The issue of affirmative action may soon find itself again before the Supreme Court of the United States.

university of texas-austin

Court watchers will remember that it was just recently (a little more than a year ago) that the Court took up the issue, in the case of Fisher v. University of Texas at Austin. Despite what some may have been looking for in a broad, sweeping denunciation or approval of using race-based factors in college admissions, the Court decided to remand, or send the issue back down to the circuit court so that the case could be “considered and judged under a correct analysis.”

And the deliberations of the United States Court of Appeals for the Fifth Circuit have just come to an end.

In a lengthy, 41-page opinion, the majority composed of Patrick Higginbotham and Carolyn King, rendered an interesting (and for the non-lawyerly classes, mightily tiresome) reading.

At its essence, the 2-judge majority rejected the challenge by Fisher, upholding the University’s admissions regimen. The Court found that “to deny UT Austin its limited use of race in its search for holistic diversity would hobble the richness of the educational experience” at the flagship institution.

The Fifth Circuit concluded that “universities may use race as part of a holistic admissions program where it cannot otherwise achieve diversity. This interest is compelled by the reality that university education is more the shaping of lives than the filling of heads with facts – the classic assertion of the humanities.”

Indeed, the majority reaffirmed Justice Kennedy’s sentiments in the Fisher case: “Attainment of a diverse student body … serves values beyond race alone, including enhanced classroom dialogue and the lessening of racial isolation.”

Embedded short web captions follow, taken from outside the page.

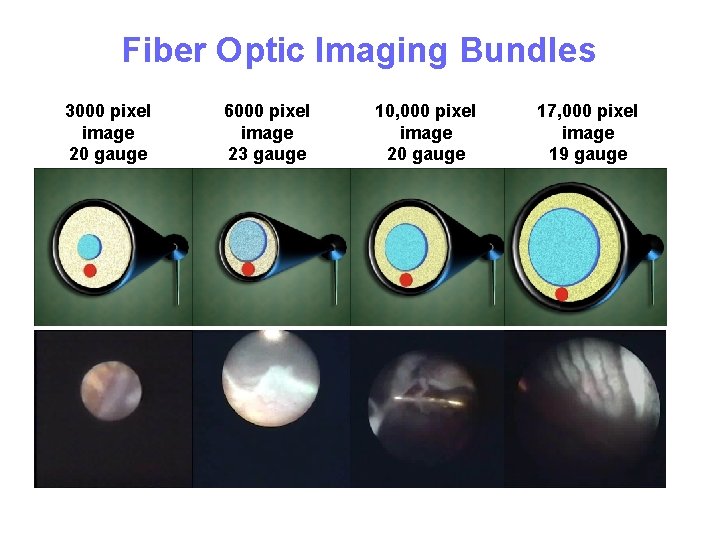 Fiber Optic Imaging Bundles 3000 pixel image 20 gauge 6000 pixel image 23 gauge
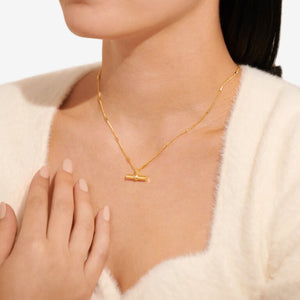 Aura Bar Necklace in Gold-Tone Plating | Styled View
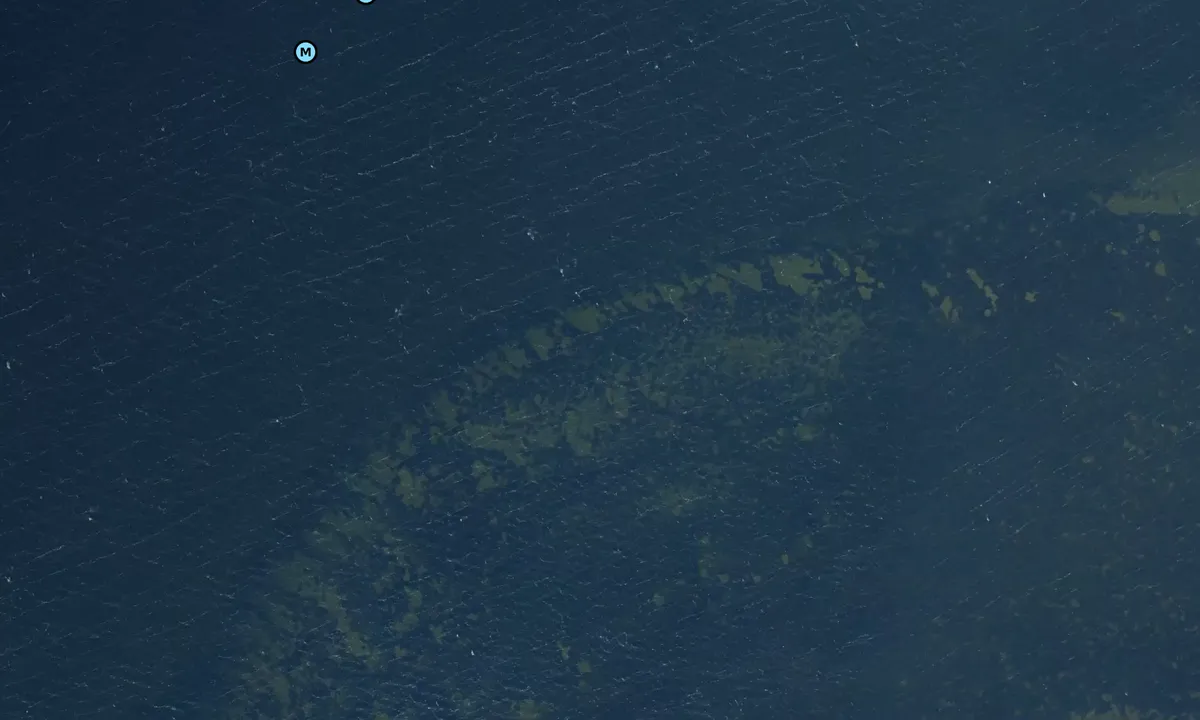 Satelite image of Nibe Bredning bouy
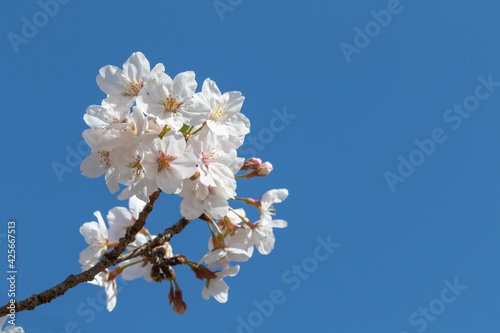 日本の青い空に美しく咲いた桜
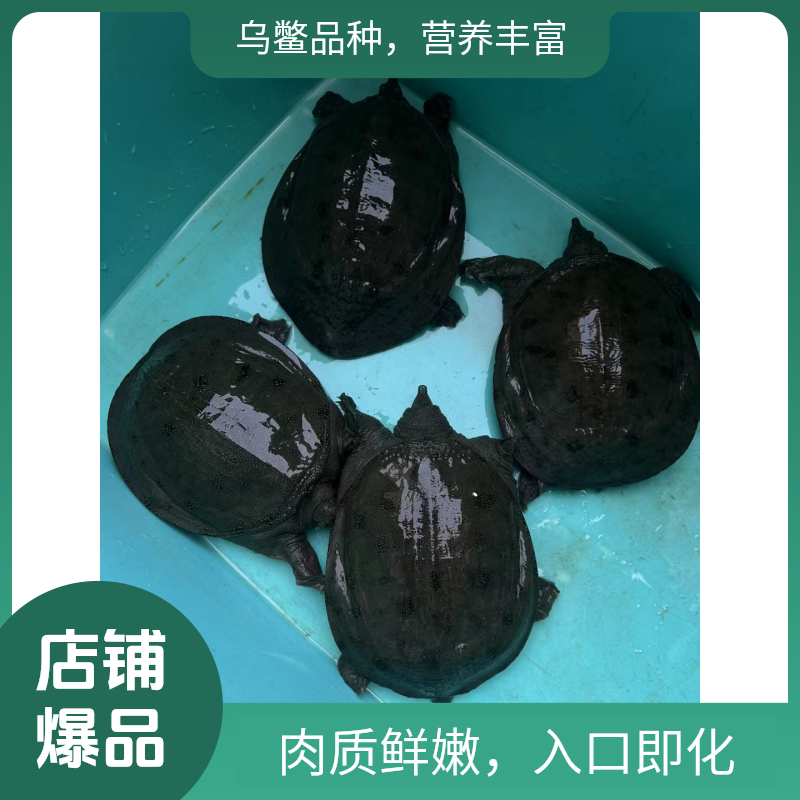 洪湖藕塘甲鱼 野外放养 乌鳖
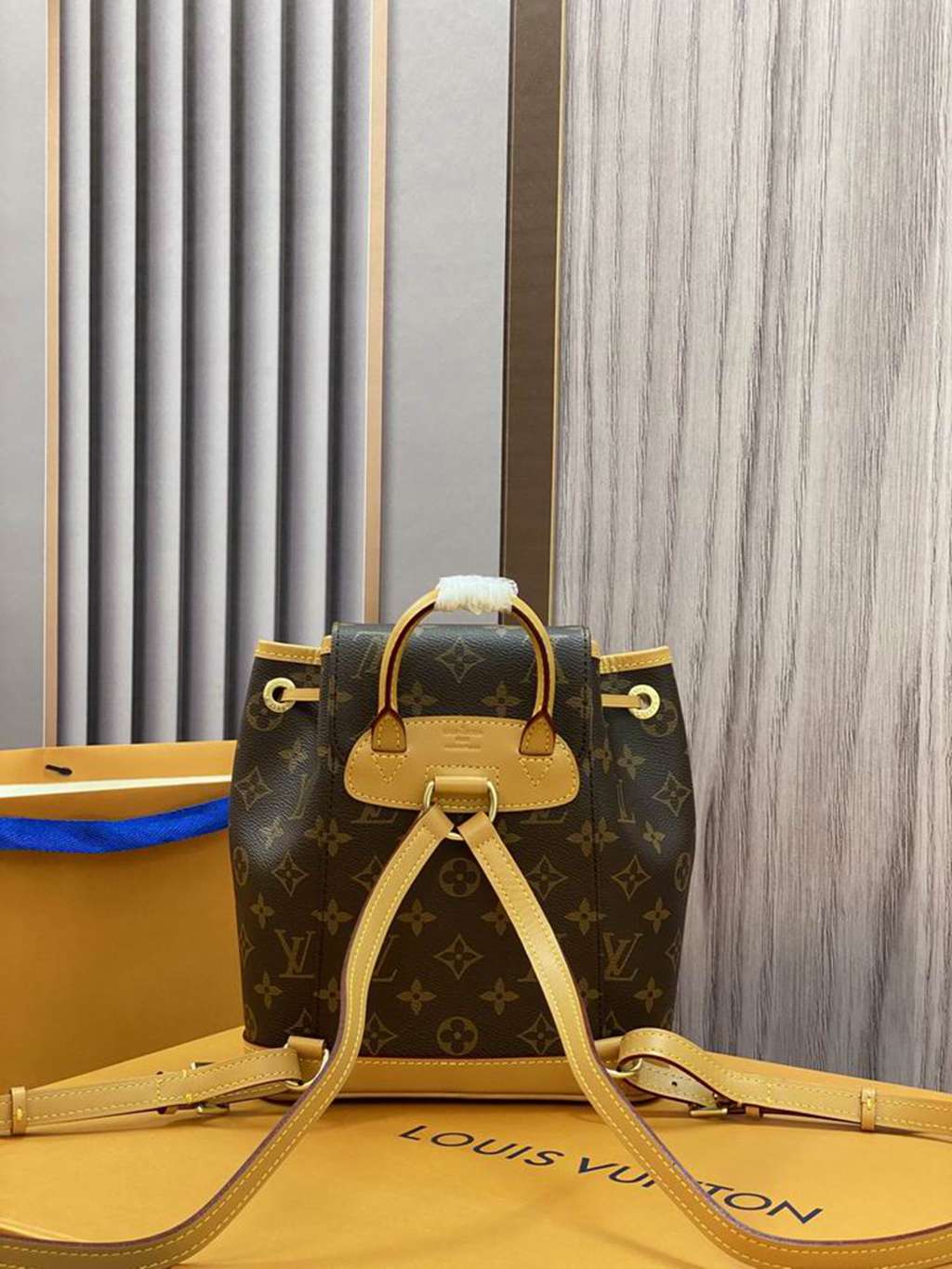 LV Backpack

The trend (since the famous Grutter decision) in cases that have made their way through the federal pipeline up to the Supreme Court is that a court’s judicial calculus should be largely deferential to the university’s expertise in trying to enrich the collegiate environment.

This type of respect for the university may be well-justified; after all, no judge is trained to evaluate the efficacy of an admissions program, but an appeal to the entire Fifth Circuit en banc, or to the Supreme Court itself will shed light on whether the Fifth Circuit arrived at the right conclusion.